## WHAT THE TASK ASKS
Could you give the entries again, exactly as written?

## INPUT DATA
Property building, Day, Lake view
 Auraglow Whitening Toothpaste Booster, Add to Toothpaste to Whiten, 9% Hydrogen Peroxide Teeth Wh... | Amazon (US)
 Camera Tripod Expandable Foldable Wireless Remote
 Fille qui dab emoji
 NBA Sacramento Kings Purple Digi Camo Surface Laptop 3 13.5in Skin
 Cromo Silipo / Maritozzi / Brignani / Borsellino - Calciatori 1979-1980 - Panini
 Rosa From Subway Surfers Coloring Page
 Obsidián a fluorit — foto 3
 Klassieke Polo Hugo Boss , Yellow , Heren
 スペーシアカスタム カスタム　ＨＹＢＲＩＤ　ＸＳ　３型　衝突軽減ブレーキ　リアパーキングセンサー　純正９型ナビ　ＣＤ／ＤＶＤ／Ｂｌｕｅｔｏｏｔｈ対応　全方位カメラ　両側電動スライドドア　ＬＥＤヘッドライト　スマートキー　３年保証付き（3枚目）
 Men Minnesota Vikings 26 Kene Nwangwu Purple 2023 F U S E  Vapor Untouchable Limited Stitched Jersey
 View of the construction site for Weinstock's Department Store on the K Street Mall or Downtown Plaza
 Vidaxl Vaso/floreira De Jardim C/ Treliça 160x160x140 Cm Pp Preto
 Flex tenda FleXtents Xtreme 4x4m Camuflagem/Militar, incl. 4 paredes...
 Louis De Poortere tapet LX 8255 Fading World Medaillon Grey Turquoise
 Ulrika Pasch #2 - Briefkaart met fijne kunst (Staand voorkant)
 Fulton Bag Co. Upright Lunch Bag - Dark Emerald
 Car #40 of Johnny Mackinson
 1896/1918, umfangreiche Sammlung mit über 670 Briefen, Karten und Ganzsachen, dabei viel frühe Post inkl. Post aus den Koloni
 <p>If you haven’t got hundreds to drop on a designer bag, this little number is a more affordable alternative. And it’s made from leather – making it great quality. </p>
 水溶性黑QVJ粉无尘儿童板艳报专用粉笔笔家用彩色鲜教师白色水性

## ANSWER
Property building, Day, Lake view
 Auraglow Whitening Toothpaste Booster, Add to Toothpaste to Whiten, 9% Hydrogen Peroxide Teeth Wh... | Amazon (US)
 Camera Tripod Expandable Foldable Wireless Remote
 Fille qui dab emoji
 NBA Sacramento Kings Purple Digi Camo Surface Laptop 3 13.5in Skin
 Cromo Silipo / Maritozzi / Brignani / Borsellino - Calciatori 1979-1980 - Panini
 Rosa From Subway Surfers Coloring Page
 Obsidián a fluorit — foto 3
 Klassieke Polo Hugo Boss , Yellow , Heren
 スペーシアカスタム カスタム　ＨＹＢＲＩＤ　ＸＳ　３型　衝突軽減ブレーキ　リアパーキングセンサー　純正９型ナビ　ＣＤ／ＤＶＤ／Ｂｌｕｅｔｏｏｔｈ対応　全方位カメラ　両側電動スライドドア　ＬＥＤヘッドライト　スマートキー　３年保証付き（3枚目）
 Men Minnesota Vikings 26 Kene Nwangwu Purple 2023 F U S E  Vapor Untouchable Limited Stitched Jersey
 View of the construction site for Weinstock's Department Store on the K Street Mall or Downtown Plaza
 Vidaxl Vaso/floreira De Jardim C/ Treliça 160x160x140 Cm Pp Preto
 Flex tenda FleXtents Xtreme 4x4m Camuflagem/Militar, incl. 4 paredes...
 Louis De Poortere tapet LX 8255 Fading World Medaillon Grey Turquoise
 Ulrika Pasch #2 - Briefkaart met fijne kunst (Staand voorkant)
 Fulton Bag Co. Upright Lunch Bag - Dark Emerald
 Car #40 of Johnny Mackinson
 1896/1918, umfangreiche Sammlung mit über 670 Briefen, Karten und Ganzsachen, dabei viel frühe Post inkl. Post aus den Koloni
 <p>If you haven’t got hundreds to drop on a designer bag, this little number is a more affordable alternative. And it’s made from leather – making it great quality. </p>
 水溶性黑QVJ粉无尘儿童板艳报专用粉笔笔家用彩色鲜教师白色水性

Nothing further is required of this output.